Watersong begins beautifully, in Greece, with The Song of Klidonas. Singing of a mid-summer ritual in which girls place charms in a pot of clean water to be left outside bathed in starlight, Yannatou dusts the beautiful melody with melancholy. Then the mood shifts. Naanaa Algenina (Garden Mint)/Ivana mixes folk songs from Aswan in Egypt and North Macedonia into a wild, wayward concoction: Yannatou and Bedioui’s opening stunning harmonies twist into a middle section in which Yannatou gasps and ululates around stuttering instruments. Elsewhere, she gives Cypriot traditional song Ai Giorkis (St George) a sultry edge and Spanish ballad A los Baños del Amor (At the Baths of Love) a hymnal glow.

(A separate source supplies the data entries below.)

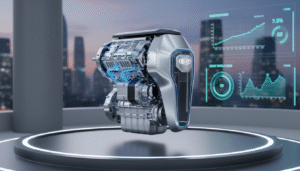découvrez le moteur hybride ultra-efficace consommant seulement 2,2 l/100 km, bientôt disponible en europe, qui rivalise avec les innovations de toyota.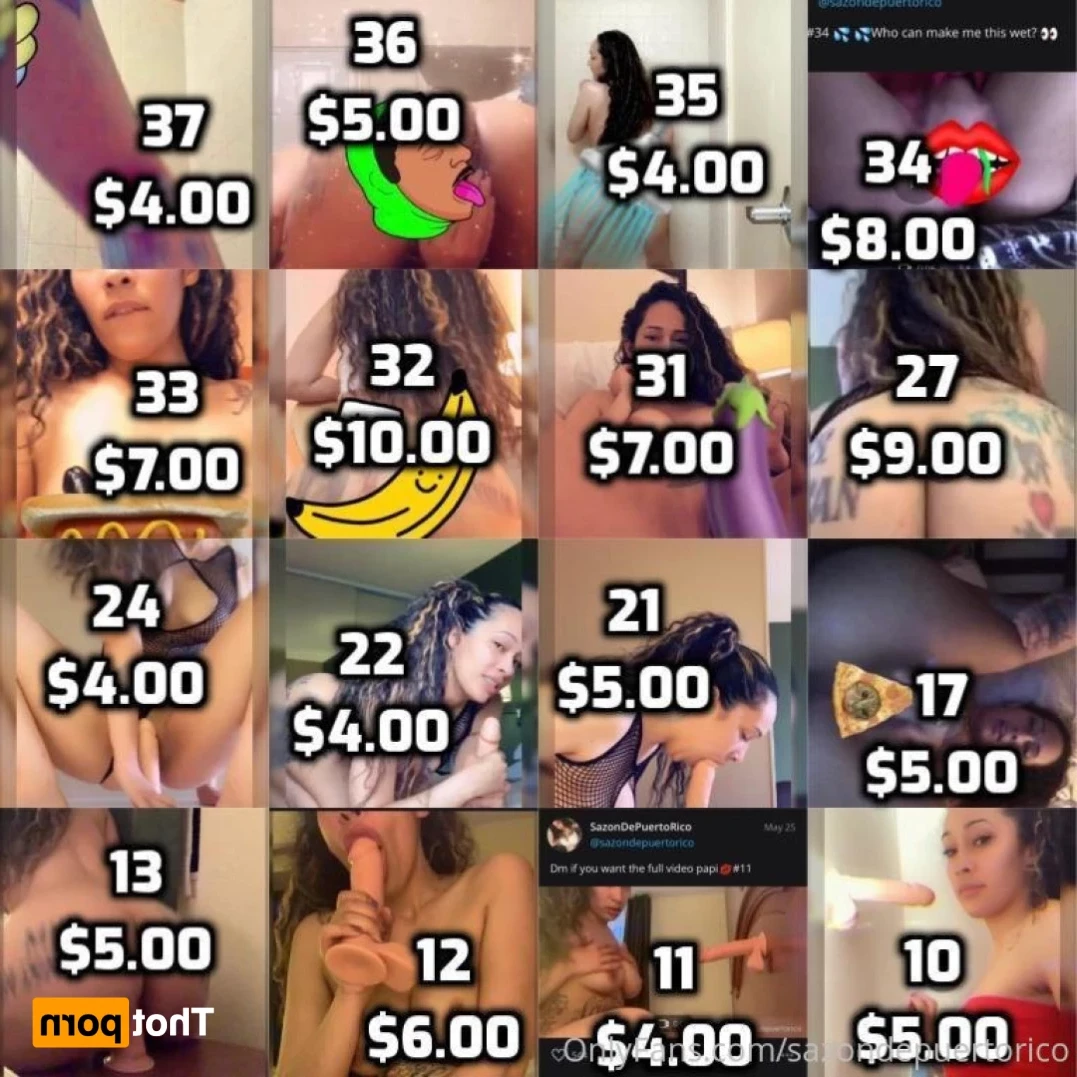 sazondepuertorico Onlyfans leaked photo 13276107 on Hotleaks.tv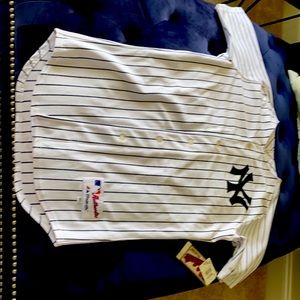 Yankees Majestic Athletic Jersey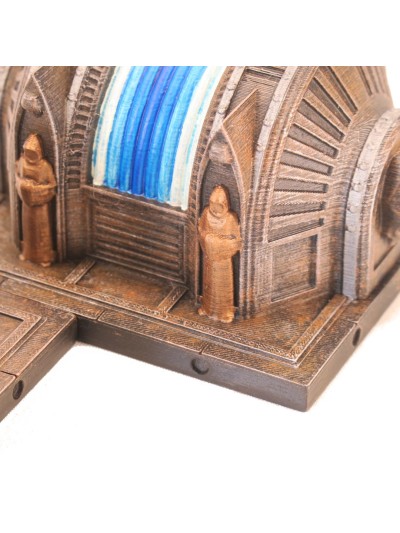 Dos Generadores de Plasma  - Terreno Tabletop Terrain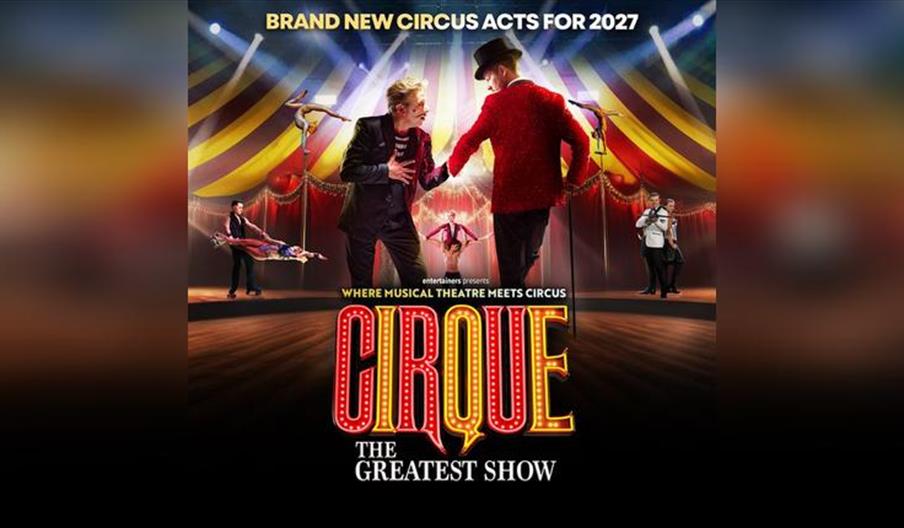 Cirque: The Greatest Show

The album jumps across the centuries, from Ireland to Iraq, Corsica to Calabria, but it is filled with intensely modern moments. Michalis Siganidis’s double bass in Greek carol Kalanta of the Theophany has motorik-like propulsion. The 10th-century Arabic poem Mawal (To the Mourning Dove I Said) comes across as an avant garde contemporary prayer, setting a tangle of percussion against Yannatou and Bedioui’s spoken-word delivery, full of contrapuntal whispers and wails.
Traditional instruments such as Kostas Vomvolos’ qanun (an Arabic zither) and Harris Lambrakis’s ney (a Persian flute) also add drama and dreaminess. This album sets traditional music flowing and crashing in many unexpected, wonderful directions.
Daily inspiration. Discover more photos at Just for Books…?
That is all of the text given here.